↓↓↓
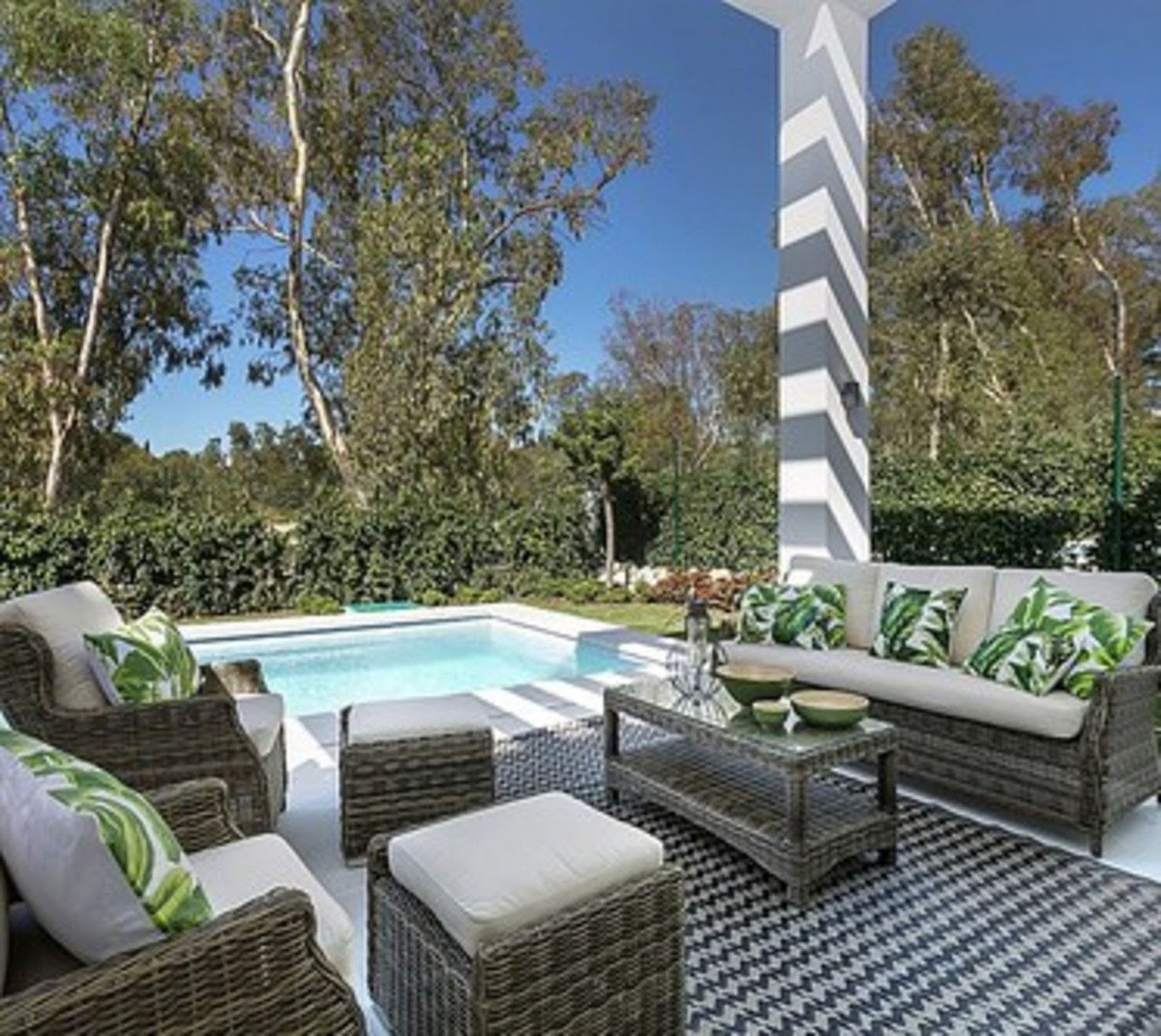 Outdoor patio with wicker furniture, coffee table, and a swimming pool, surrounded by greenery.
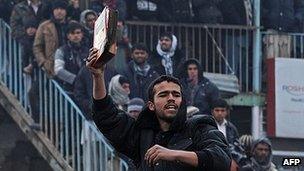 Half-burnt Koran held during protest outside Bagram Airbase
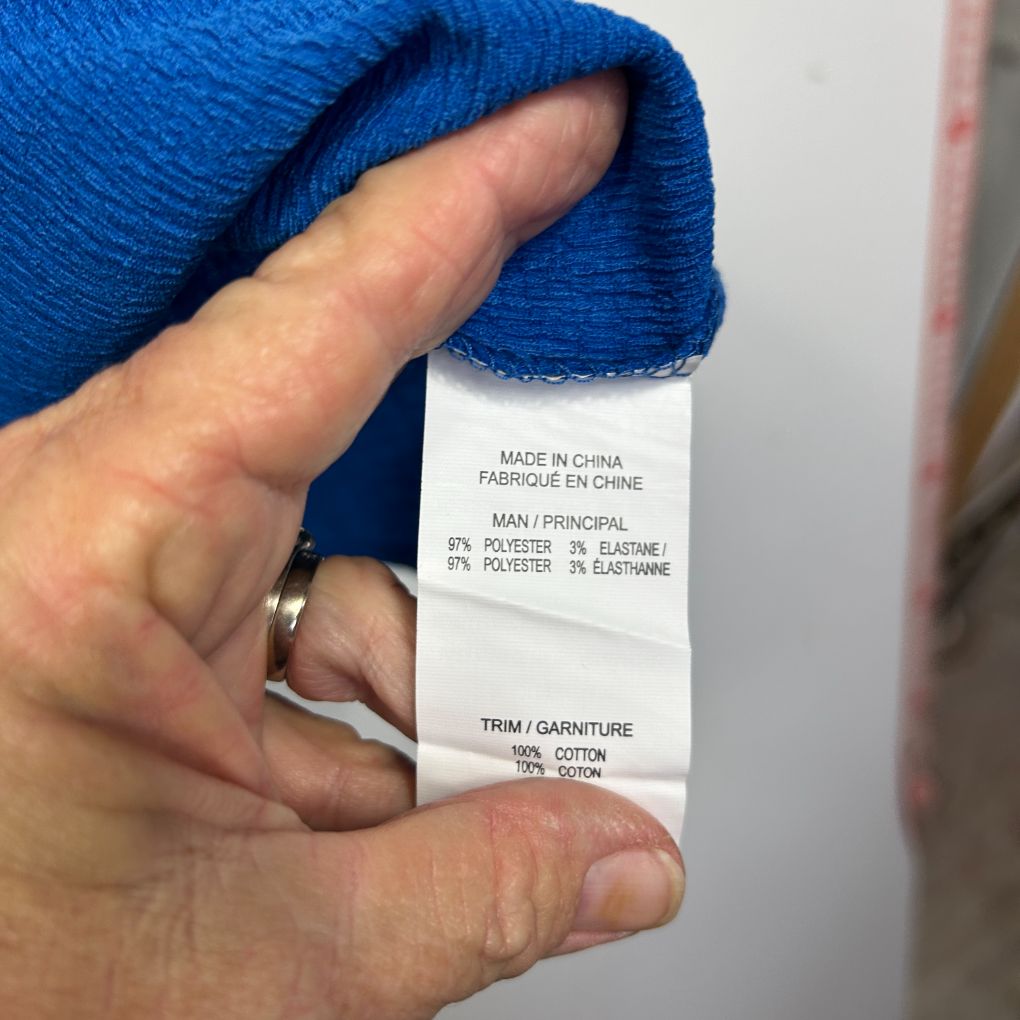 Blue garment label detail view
↑↑↑
**How to complete this task:**
The pictures alone are to be left out when the data above is copied; all else must match exactly.

**Answer to this problem:**
 Outdoor patio with wicker furniture, coffee table, and a swimming pool, surrounded by greenery.
 Half-burnt Koran held during protest outside Bagram Airbase
 Blue garment label detail view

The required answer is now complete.